A third barrier to access is the restrictive regulatory environment and the continuation of the single farm payment rules. If a farm manager or herdsman employed on a dairy farm, for example, is allowed to run his animals along with those of the employer, using two herd numbers, it is an opportunity for employed people to build up some capital. This can be the first step towards joint ventures in the future. It is a very simple measure to promote the first step.

We could also consider some of the European schemes involving low stocking rates. The rates are so low that it is an encouragement not to farm the land. We can put arrangements in place, within the regulations, to co-operate with neighbours. There are restrictions on dates with regard to the definition of farming. If we could allow cows to be milked on the extra land of a neighbour, we would expand cowherd size and the arrangement between neighbours would work productively for both and contribute to the farming economy. It is a step-back arrangement rather than full retirement.

We have a few proposals on taxation, one of which is the reintroduction of stamp duty relief on farm consolidation on land swaps. We also suggest it is important to maintain the existing stamp duty relief on land transfers for young trained farmers. Along with the farm consolidation and tax relief, it is important to promote the stamp duty relief. There was suspicion about it before and it needs to be promoted. Farmers must be encouraged to avail of it. The fault may lie with farmers for not using it enough. The association feels there will be a greater interest in this in the new era because we are looking to expand the industry. Any arrangement that helps will be seen as an advantage.

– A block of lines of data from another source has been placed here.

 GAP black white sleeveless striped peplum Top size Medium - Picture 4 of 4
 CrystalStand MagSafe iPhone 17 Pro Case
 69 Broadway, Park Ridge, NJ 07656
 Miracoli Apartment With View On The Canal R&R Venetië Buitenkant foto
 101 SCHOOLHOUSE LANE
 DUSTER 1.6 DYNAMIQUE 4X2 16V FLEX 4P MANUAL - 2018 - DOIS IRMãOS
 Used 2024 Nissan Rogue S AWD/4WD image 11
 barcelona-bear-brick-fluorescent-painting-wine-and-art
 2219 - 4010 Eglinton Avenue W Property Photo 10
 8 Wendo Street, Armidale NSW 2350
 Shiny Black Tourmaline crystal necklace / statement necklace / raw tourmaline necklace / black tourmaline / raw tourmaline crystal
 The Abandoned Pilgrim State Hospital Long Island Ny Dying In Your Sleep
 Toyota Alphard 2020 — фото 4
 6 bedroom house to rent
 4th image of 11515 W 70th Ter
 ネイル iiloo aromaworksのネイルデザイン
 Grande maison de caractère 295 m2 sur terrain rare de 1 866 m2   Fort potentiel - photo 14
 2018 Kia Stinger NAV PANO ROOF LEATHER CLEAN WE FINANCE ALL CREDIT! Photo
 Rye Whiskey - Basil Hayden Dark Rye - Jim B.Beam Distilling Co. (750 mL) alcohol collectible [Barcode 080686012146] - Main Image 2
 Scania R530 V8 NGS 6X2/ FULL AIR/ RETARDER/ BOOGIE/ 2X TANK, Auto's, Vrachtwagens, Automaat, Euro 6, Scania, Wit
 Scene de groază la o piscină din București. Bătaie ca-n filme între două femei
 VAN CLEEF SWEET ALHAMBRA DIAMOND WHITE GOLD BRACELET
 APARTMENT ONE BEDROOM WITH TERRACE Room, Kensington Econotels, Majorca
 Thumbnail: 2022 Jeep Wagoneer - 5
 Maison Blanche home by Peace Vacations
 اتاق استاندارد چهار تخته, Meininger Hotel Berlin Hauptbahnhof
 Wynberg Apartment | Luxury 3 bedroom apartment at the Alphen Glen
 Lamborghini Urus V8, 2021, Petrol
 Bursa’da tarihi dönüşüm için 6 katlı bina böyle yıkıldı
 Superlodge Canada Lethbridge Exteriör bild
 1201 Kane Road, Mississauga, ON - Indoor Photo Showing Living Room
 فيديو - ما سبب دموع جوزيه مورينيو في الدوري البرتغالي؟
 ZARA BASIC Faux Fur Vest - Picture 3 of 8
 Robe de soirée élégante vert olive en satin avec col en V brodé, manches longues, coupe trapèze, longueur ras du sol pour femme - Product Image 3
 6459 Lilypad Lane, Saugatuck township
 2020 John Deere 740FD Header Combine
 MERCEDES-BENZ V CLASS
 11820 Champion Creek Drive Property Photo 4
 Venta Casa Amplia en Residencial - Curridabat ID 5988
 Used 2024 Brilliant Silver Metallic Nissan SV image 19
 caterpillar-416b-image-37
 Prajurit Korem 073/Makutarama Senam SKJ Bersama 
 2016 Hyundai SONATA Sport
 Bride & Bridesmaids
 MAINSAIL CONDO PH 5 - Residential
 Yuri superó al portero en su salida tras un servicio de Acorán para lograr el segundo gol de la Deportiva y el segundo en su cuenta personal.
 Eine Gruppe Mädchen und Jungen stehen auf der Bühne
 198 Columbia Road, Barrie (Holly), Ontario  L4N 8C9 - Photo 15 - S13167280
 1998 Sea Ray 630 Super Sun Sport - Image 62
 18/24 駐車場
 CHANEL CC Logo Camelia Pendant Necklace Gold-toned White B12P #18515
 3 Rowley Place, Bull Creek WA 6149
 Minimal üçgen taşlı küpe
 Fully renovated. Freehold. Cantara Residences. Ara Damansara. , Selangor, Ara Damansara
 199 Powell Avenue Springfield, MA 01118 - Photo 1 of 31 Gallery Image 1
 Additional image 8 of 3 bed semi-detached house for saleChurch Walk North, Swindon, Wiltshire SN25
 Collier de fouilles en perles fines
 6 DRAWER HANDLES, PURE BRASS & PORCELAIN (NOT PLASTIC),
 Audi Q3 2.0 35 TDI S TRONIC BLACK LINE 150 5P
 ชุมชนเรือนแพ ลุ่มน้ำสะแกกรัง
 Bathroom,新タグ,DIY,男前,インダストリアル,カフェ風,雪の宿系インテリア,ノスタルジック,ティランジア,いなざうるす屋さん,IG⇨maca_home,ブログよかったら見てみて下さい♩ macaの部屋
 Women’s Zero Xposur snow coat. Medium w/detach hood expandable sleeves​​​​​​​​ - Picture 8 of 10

The association believes the fear of losing farmer status through long-term leasing is real. It is a practical difficulty in terms of capital tax liability. Where a farmer is no longer treated as a farmer for tax purposes, the family can fall into problems with capital gains, capital acquisitions or inheritance taxes. That is a shame if land leasing can make land available to young people who want to get started.

Full tax relief for long-term leases needs to be retained. From listening to farm managers, I feel it needs to be promoted, because people do not realise the incentives exist. My final point was the subject of a full submission by the Irish Farm Managers' Association to the Department of Finance some weeks ago. While there is stock relief for young farmers, if there is not enough profit in years one and two, which is likely in a start-up situation, there should be a roll-over of the under-used stock relief. It should be allowed to accumulate or roll over for the first four years.

My next point on the barriers to land access refers to the support framework for young trained farmers. The installation scheme is excellent for helping young people to set up in farming and it should be restored. An established grant should be considered for farm managers who have a joint venture arrangement in equity or as employees. This will help them to get stock established and use it as a stepping stone to future partnership. Equity joint venture farm managers should be eligible for the installation scheme if it is reintroduced. We propose low-interest loan packages for young trained farmers and, finally, we suggest to the committee and the Department an underwriting scheme be put in place for bank chattel mortgages on farms. This will allow farmers to get the capital to buy stock. This applies particularly to owners and joint ventures involving young farmers. Capital is a huge issue.

In summary, we strongly believe agriculture can lead to economic recovery. Food Harvest 2020 may be an historic new era for us. The training and education of young farmers is key. A number of barriers exist. There should be a proactive taxation policy to encourage young people to set up in farming; we need to support young trained farmers. This would create jobs on farms, stimulate the rural economy and communities and promote economic recovery.